According to this article from Lisa Bronner, 1 cup of the liquid is equal to about 2/3 of the bar. So by that calculation, the 1/4 cup of grated bar (which is somewhere between 1/4 to 1/3 of the bar) should be somewhere between 1/3 and 1/2 cup of liquid.
I’d start out with 1/3 cup of extra liquid soap and see how that works out. So if you’re adding 1/3 cup to the initial 1/4 cup of liquid soap called for in the recipe, you’d end up with 7/12 (if my memory of algebra serves me correctly, lol), so that’s about 1/2 cup total of liquid soap, while omitting the bar soap completely.
If you’re omitting the bar soap then you won’t have the problem of the dish soap getting hard. You’ll still want to add the washing soda as it works as a degreaser and water softener.
Hope that helps and let us know how it works for you!
I just wanted to say THANKS for sharing such a wonderful DIY recipe. I used to feel the same as you, when diluting liquid castile soap which was… just ok. I settled for that for a long time because I knew that this was still a better option than using the chemical-laden alternatives. My major complaint was the film that was left on the dishes and on my counters.
I followed your recipe to a T except for the washing soda, because I like the soap to feel more like a gel, so I used 2 tbsp instead of 1. Next batch I’ll use only one, because the dispenser gets a little clogged with the current mix.
But I looked in amazement when I saw that the dishes had no more film or greasy residue on them, nor my granite counters… SUCCESS !! I’m totally hooked : D
I wanted to share this with you and your followers. I’m very grateful for your post. Thank you for sharing the good stuff : ) I look forward to learning more from you and your natural lifestyle ; ) Bless.
Thanks for the feedback, Rosy! Blessings to you as well. 🙂
Thanks for this recipe. Quick question: Why is there a need to use both castile bar soap and castile liquid soap? Aren’t they the same just that one in liquid form another in solid form?

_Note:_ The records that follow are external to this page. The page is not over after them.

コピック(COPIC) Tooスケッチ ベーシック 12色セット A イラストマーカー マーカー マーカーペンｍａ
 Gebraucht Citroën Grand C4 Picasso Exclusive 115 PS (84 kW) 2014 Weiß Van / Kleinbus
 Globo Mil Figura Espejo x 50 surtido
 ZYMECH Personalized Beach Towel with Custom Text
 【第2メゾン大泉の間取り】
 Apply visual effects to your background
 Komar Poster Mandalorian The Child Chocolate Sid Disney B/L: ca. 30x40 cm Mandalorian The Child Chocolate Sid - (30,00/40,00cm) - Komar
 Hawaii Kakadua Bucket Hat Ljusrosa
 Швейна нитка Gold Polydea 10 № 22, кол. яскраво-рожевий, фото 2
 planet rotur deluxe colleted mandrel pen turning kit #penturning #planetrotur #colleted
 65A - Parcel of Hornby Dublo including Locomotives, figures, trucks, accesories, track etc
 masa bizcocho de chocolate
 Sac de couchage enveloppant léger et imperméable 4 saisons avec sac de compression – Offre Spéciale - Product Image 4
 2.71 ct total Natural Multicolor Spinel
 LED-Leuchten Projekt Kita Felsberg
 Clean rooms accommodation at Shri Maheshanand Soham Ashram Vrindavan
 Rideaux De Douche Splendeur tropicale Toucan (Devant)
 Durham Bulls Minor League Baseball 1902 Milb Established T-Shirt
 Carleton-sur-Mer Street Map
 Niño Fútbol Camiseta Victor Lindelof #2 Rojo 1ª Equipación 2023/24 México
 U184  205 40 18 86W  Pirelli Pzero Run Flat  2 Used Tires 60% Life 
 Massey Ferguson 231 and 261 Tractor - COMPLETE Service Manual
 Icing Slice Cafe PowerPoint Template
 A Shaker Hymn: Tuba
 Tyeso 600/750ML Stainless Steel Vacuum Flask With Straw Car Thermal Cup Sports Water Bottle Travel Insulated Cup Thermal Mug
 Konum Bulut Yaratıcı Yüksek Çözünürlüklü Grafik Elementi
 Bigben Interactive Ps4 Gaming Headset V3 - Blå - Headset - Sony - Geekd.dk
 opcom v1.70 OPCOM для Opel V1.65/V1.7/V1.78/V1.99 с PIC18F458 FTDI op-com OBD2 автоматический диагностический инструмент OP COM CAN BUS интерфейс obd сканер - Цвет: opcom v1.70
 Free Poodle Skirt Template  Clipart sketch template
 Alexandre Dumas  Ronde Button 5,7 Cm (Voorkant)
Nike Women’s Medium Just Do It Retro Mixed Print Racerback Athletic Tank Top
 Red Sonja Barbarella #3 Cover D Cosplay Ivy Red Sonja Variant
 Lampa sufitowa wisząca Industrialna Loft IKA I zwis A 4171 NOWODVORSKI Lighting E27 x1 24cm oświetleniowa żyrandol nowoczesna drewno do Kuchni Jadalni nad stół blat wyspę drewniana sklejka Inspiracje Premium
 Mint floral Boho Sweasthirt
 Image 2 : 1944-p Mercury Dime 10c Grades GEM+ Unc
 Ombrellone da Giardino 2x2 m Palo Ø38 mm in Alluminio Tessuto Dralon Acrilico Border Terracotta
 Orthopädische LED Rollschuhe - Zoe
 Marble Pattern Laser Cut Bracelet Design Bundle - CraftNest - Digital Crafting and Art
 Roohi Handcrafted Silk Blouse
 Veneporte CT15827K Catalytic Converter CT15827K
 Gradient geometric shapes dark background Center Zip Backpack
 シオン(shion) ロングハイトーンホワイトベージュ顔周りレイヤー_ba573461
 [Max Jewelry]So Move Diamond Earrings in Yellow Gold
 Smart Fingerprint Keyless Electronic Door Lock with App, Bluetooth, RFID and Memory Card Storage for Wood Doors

Here’s a good post about the differences between the 2: http://www.lisabronner.com/liquid-vs-bar-in-dr-bronners-pure-castile-soap/
I just made this soap and couldn’t wait till it cooled!! So I washed my dishes and I love t!!!! Now we will wait and see how well the kids like using it 🙂 I made mine with the lemon citrus Dr. Bronner’s and the Kirk’s original castile bar soap and my kitchen smells fantastic ☺. Reading all the comments of so many different recipes including this one is what helped me choose which one to try. Thank you so much for the time you took to make this available for us to try.
That’s great, Tanya, I’m so glad it’s working well for you! Thanks so much for coming back and letting us know 🙂
Hi! Love this!
I was wondering about the acidity of essential oils, like, would it interfere with the castile soap if I used grapefruit essential oil, or lemon? Or are they not acidic?
I’ve used orange essential oil without a problem.
Lemon oil is ph neutral and I suspect the same for that others. It’s the juice that’s acidic
I love the DIY recipes but it is kinda odd when someone recommends buying stuffs on AMAZON…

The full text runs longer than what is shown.